And so Granderson continues down his remarkably even-keeled path, despite one of the most polarized, least productive seasons of his career. With the outfielder mired in an 0-for-18 funk, part of a 22-for-153 (.144) stretch dating back to mid-July, the Mets held him out of Wednesday's lineup for the second time in four games -- both respites coming against right-handed starters. Combined with Thursday's off-day, the rest gave Granderson three days off in a five-day span.
"I think he realizes this is part of the game. That you're going to have times like this, years like this," manager Terry Collins said. "He hasn't had very many."
The odd part of Granderson's season is that he went from freezing in April to torrid in May and June, and back to ice cold since the All-Star break. The combined product -- a .210 average, a .667 OPS and 16 home runs in 566 plate appearances -- is not nearly what the Mets expected from Granderson in the first season of his four-year, $60 million contract.
"But the way he's approached it has been absolutely outstanding," Collins said. "That's why I think there's a huge upside. I think he'll come into Spring Training with a positive attitude and be ready for next year."
Unlike Granderson, Collins offered a few possible explanations for Granderson's poor season -- his adjustment to a new league, for example, or to a more pitcher-friendly home ballpark. But Granderson dismissed both of those, noting that his offensive game has evolved throughout his 15 years in professional baseball.

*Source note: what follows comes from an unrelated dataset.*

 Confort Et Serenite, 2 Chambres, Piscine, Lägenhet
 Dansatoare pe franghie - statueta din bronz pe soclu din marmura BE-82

"My swing has always been something that has been evolving and changing over the course of my career," Granderson said. "I've changed, modified and done different things all the way from the Minor Leagues up until now. So that's definitely nothing that's new for me. It's actually been something that's helped me out. So little minor adjustments can definitely be good things for me, because you get your mind thinking about something else, and then hopefully everything kind of locks in."
At this point, there's little the Mets can do but sit back and hope a more productive player shows up to Spring Training next year. Collins found solace in the fact that Granderson has recently begun driving balls a bit more consistently, despite the lack of statistical proof.
"Maybe he's starting to get a sense for it again," the manager said.